Goal of the exercise:
Reproduce the line containing "Desayuno - fresa" and every line after it through the end of the records. Include nothing else.

[Caption-style text data]
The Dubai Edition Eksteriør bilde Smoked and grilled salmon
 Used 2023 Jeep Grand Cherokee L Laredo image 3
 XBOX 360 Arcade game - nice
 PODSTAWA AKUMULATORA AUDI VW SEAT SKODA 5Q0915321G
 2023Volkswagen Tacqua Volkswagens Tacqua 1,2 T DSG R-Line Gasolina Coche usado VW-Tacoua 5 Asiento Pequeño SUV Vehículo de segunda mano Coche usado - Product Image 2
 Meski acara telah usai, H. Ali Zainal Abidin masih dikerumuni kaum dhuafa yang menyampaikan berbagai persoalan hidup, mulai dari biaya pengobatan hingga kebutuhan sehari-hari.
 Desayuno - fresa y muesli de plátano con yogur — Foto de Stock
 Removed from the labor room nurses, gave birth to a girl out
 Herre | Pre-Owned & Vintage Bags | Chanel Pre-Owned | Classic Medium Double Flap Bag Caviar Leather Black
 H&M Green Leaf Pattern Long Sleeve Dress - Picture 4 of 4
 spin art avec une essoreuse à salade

Exercise answer:
 Desayuno - fresa y muesli de plátano con yogur — Foto de Stock
 Removed from the labor room nurses, gave birth to a girl out
 Herre | Pre-Owned & Vintage Bags | Chanel Pre-Owned | Classic Medium Double Flap Bag Caviar Leather Black
 H&M Green Leaf Pattern Long Sleeve Dress - Picture 4 of 4
 spin art avec une essoreuse à salade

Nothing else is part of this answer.